Friday, July 10, 2026

  • Friday, July 10, 2026
  • Elder of Ziyon

This week produced a textbook coordinated campaign : Amnesty International, CAIR, CodePink, and Physicians for Human Rights Israel all escalated calls for the release of Dr. Hussam Abu Safiya, echoed by the UN Working Group on Arbitrary Detention and carried by the Guardian, the BBC, and NBC News

Where did this come from? 

The spark was a single visit. On July 2, Abu Safiya's lawyer, Nasser Odeh, met with him and came away describing a man near death — unable to speak lucidly, beaten by more than five guards with hands, batons, and hammers, nearly losing consciousness several times during the meeting itself, telling Odeh he did not expect to survive.

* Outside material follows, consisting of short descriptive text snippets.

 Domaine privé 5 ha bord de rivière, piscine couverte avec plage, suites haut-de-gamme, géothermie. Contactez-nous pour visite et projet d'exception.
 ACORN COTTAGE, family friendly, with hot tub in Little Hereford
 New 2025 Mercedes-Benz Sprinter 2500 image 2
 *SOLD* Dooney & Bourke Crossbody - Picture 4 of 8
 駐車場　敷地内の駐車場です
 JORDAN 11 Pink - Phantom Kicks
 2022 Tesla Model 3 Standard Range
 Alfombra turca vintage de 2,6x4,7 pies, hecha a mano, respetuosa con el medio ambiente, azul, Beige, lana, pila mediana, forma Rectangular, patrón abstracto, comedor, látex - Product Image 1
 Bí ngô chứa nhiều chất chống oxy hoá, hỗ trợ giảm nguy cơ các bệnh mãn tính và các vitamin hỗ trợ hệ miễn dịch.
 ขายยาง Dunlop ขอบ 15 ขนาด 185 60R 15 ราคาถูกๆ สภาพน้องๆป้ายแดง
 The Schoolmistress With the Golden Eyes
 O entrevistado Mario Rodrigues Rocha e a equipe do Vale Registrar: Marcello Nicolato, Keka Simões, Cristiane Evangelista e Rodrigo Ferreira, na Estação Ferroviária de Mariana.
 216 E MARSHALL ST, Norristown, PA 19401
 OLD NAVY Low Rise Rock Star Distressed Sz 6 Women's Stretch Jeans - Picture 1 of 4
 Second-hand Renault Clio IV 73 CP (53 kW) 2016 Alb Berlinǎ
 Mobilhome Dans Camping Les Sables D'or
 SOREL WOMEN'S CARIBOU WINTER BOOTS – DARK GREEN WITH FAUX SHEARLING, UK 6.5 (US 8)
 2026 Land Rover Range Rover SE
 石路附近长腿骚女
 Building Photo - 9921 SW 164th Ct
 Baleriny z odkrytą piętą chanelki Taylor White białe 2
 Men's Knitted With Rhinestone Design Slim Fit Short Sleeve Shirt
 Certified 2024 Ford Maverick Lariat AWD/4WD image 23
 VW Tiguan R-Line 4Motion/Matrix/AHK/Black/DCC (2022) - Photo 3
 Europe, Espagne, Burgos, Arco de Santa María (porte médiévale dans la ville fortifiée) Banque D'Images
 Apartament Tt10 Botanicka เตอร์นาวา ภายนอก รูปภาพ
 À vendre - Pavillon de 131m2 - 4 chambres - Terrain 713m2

Every outlet that ran the story ran Odeh's account, and only Odeh's account. No doctor examined Abu Safiya independently. No photograph or video from the visit exists. The Israel Prison Service denies mistreatment, calling the allegations false. The entire campaign — the Amnesty statement calling the reports "truly horrifying," the UN experts' demand for immediate release, the wire coverage — rests on one lawyer's description of one meeting, a lawyer who has every incentive to shade the truth, and nearly all of it describes Abu Safiya as a civilian pediatrician with no connection to the war beyond treating its casualties.

That framing has a hole in it. A 2016 photograph uncovered by NGO Monitor shows Abu Safiya in military uniform at a Kamal Adwan ceremony alongside senior figures of Hamas's Military Medical Services and National Security Forces, and multiple Arabic-language sources refer to him as a colonel. Abu Safiya's link to Hamas's governing apparatus is a matter of public record, not an Israeli fabrication invented to justify his detention after the fact — a detail the campaign coverage this week omits entirely.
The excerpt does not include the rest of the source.